Dienstag, 31. Januar 2017

Der buddhistische Name ist WAS?


Laut Nishijima Roshi ist Leerheit auch und besonders das Gleichgewicht im Zazen, der Leerheits-Meditation. Dann erlangt ein Mensch die Wahrheit über Leben und Kosmos, ist also in diesen Augenblicken erleuchtet. Der Begriff der Leerheit geht vor allem auf den großen indischen Meister Nâgârjuna zurück, der nach etwa 700 Jahren den Buddhismus gründlich entschlackte und den weiteren Ablauf des Buddhismus in Indien, China und Japan und damit auch bei uns im Westen fundamental beeinflusste.

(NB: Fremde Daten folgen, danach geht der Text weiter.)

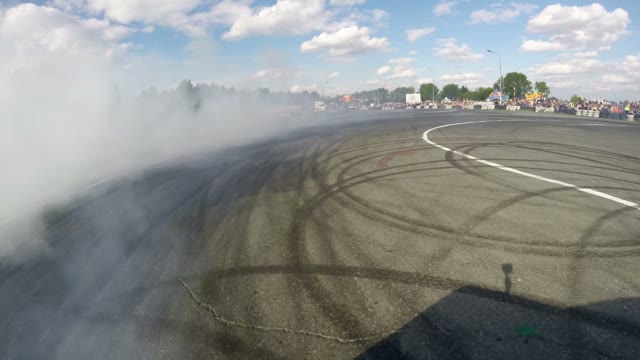 Drift Racing Outdoors, Much Smoke From The Tires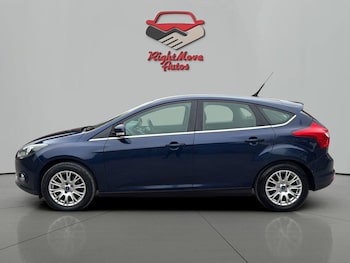 Used Ford Focus 2011 for sale - 76269603: Photo 2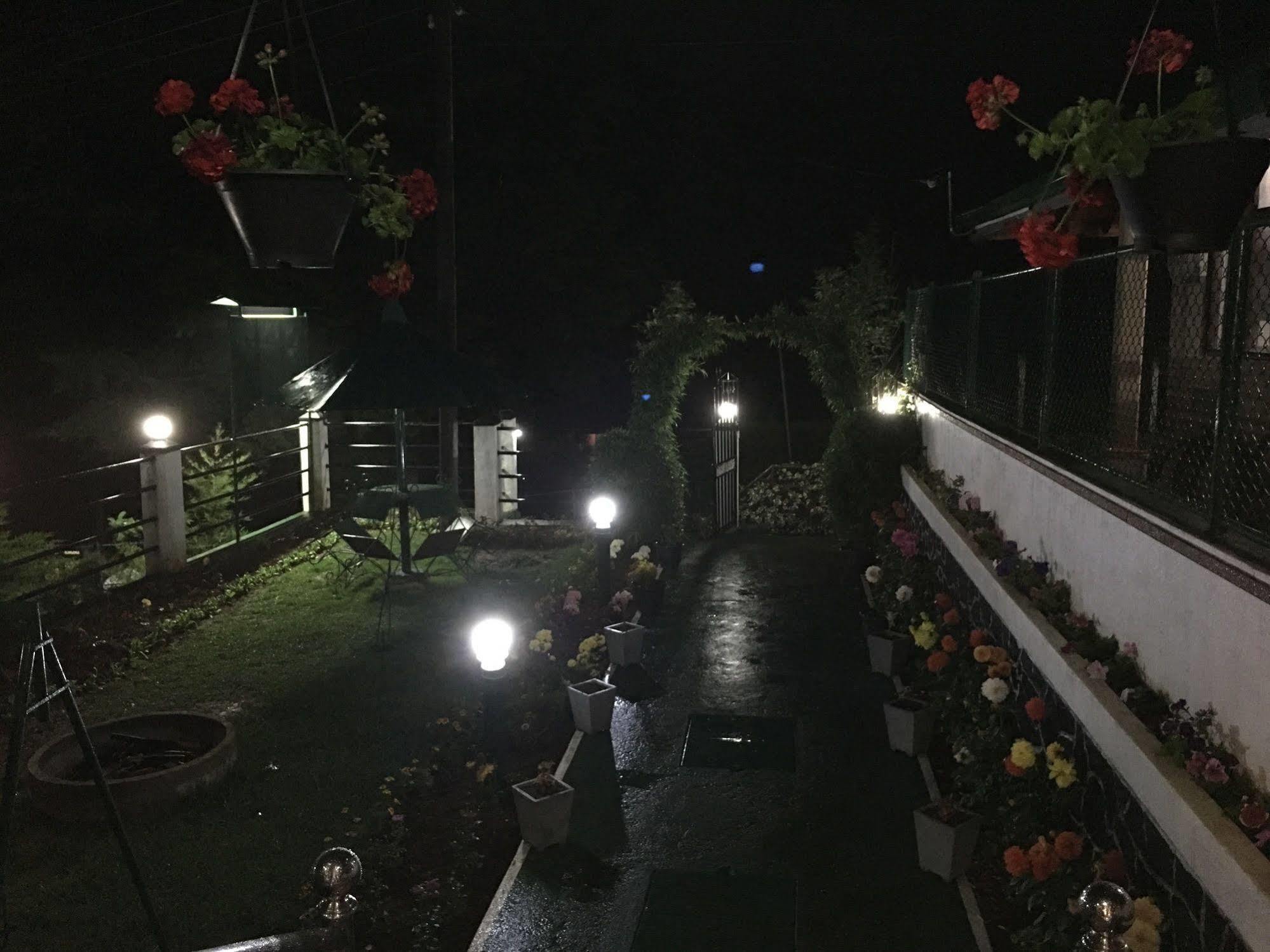 Royal Mount Hotel & Restaurant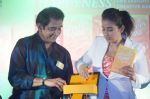 Manisha Koirala at book launch of Dr. Yusuf Merchant_s latest book HAPPYNESSLIFE LESSONS on 5th May 2018 (34)_5af0623361d8f.JPG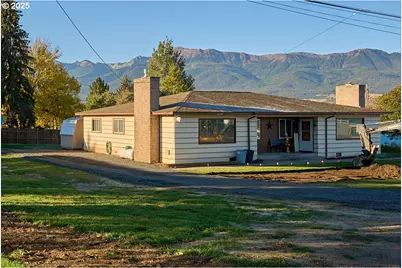 304 E Park St, Enterprise, OR 97828 - Photo 1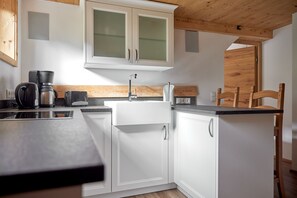 Frigorifero, forno, lavastoviglie, macchina per tè/caffè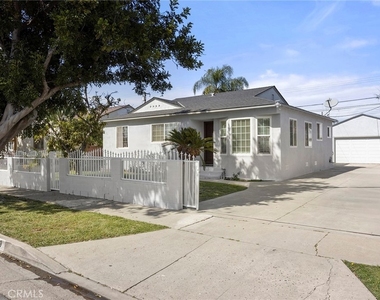 8049 Coral Bell Way - Photo Thumbnail 3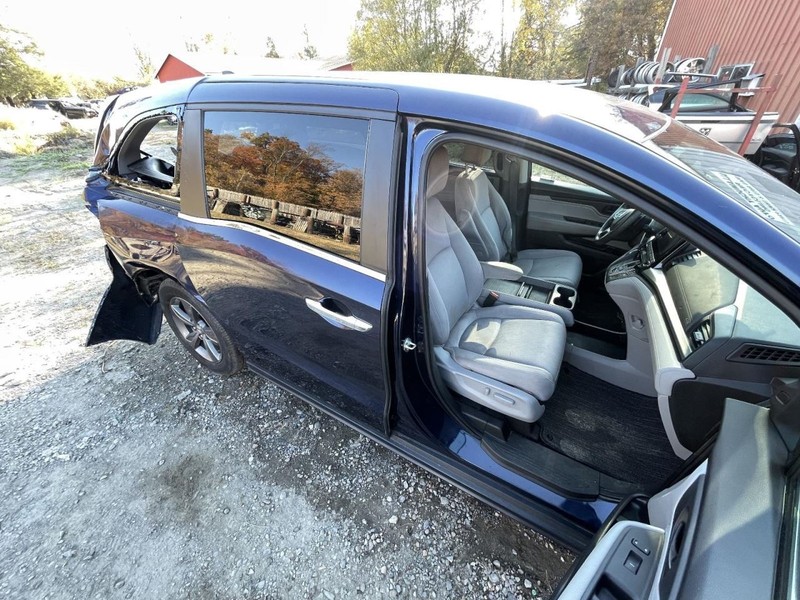 2018-24 HONDA ODYSSEY RIGHT ROCKER W/POST BLUE PC:B588P 3.5L FWD 44K -EX- 59793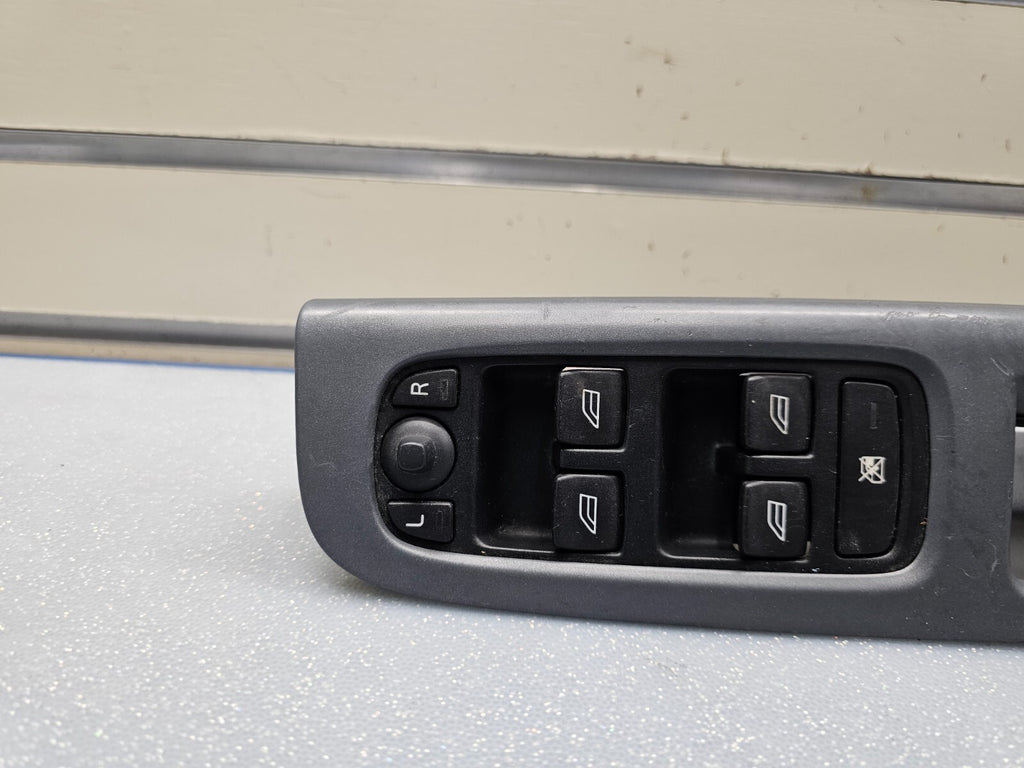 🔥04-07 VOLVO S40 V50 LEFT DRIVER DOOR WINDOW CONTROL SWITCH ASSEMBLY GRAY OEM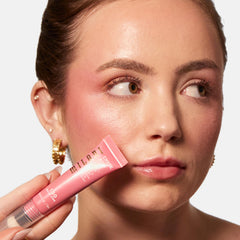 Milani Cheek Kiss blended cheek application demonstrating natural flush and luminous glow benefit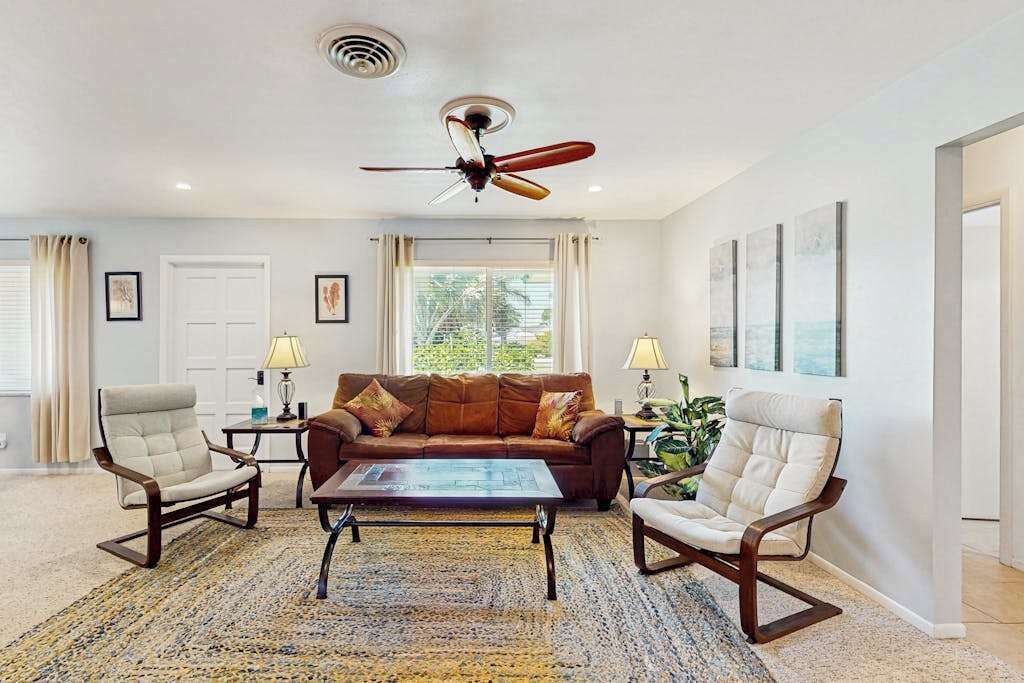 Photo of Livingroom in Englewood South
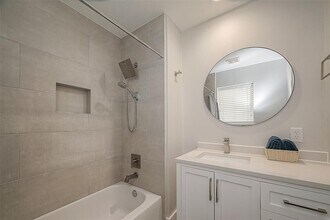 4410 Feagan St in Houston, TX - Building Photo - Building Photo
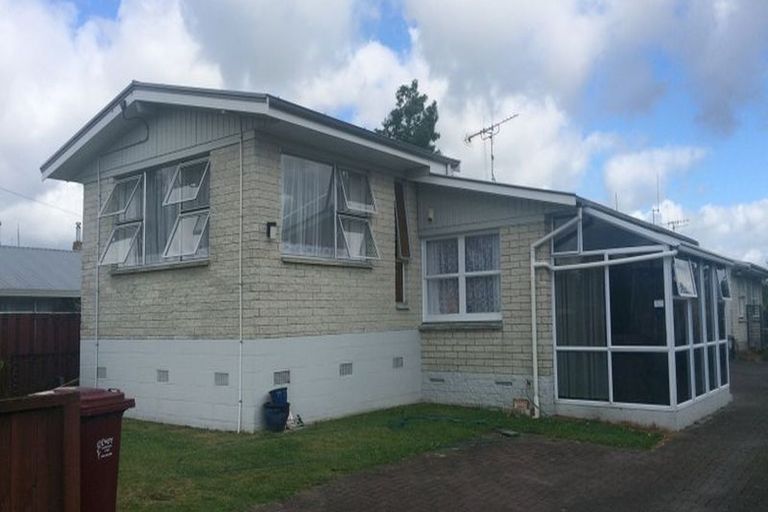 Photo of property in 1/184 Massey Street, Frankton, Hamilton, 3204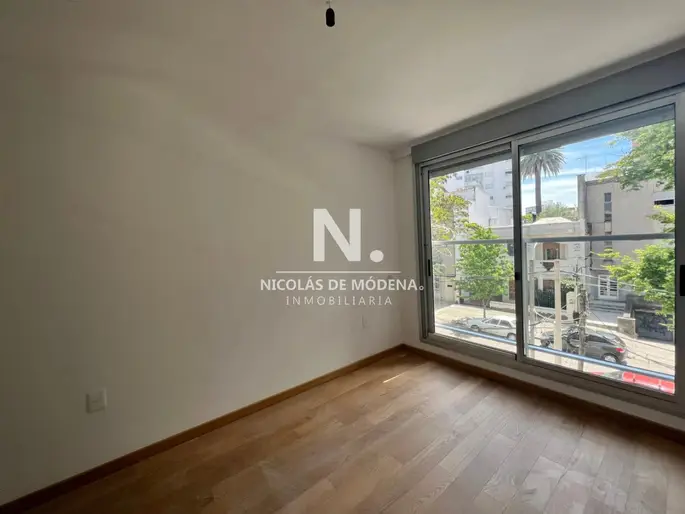 Venta Monoambiente Con Gran Ubicacion en Punta Carretas,Montevideo.
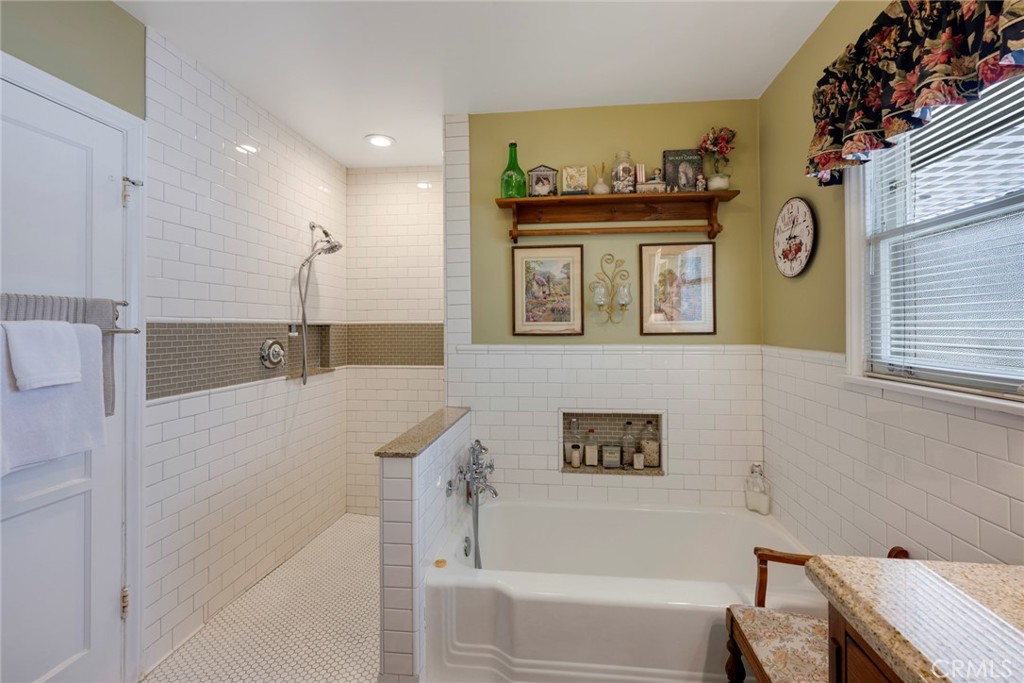 1049 Cerritos Drive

Dôgen betont, dass die Leerheit einen freien Menschen ausmacht, der die Täuschungen und Begrenzungen des herkömmlichen Denkens und der eingeengten Weltanschauungen überwunden hat. Freiheit ist die Freiheit im Augenblick des umfassenden intuitiv-klugen Geistes. Das ist die Freiheit im gesamten Raum des wirklich Möglichen, der mit dem unterscheidenden Denken nicht ausgeleuchtet und verstanden werden kann.

Meister Dai-i erkannte aus dem Gespräch und aus der ganzen Erscheinung des jungen ungewöhnlichen Daiman, dass dieser „ein Gefäß des Dharma“ sei und nahm ihn als ganz jungen Mönch in sein Kloster auf. Später wurde er sein Nachfolger und Linienhalter, erhielt also von ihm die Dharma-Übertragung. Daiman übergab den wahren Dharma dann weiter an den großen Daikan Enô (chinesisch Hui Neng), den sechsten Nachfolger im Dharma, der den Zen-Buddhismus nicht zuletzt durch mehrere hervorragende Nachfolger in China weit verbreitete und aus meiner Sicht das goldene Zeitalter des Zen einleitete, von dem wir heute noch zehren.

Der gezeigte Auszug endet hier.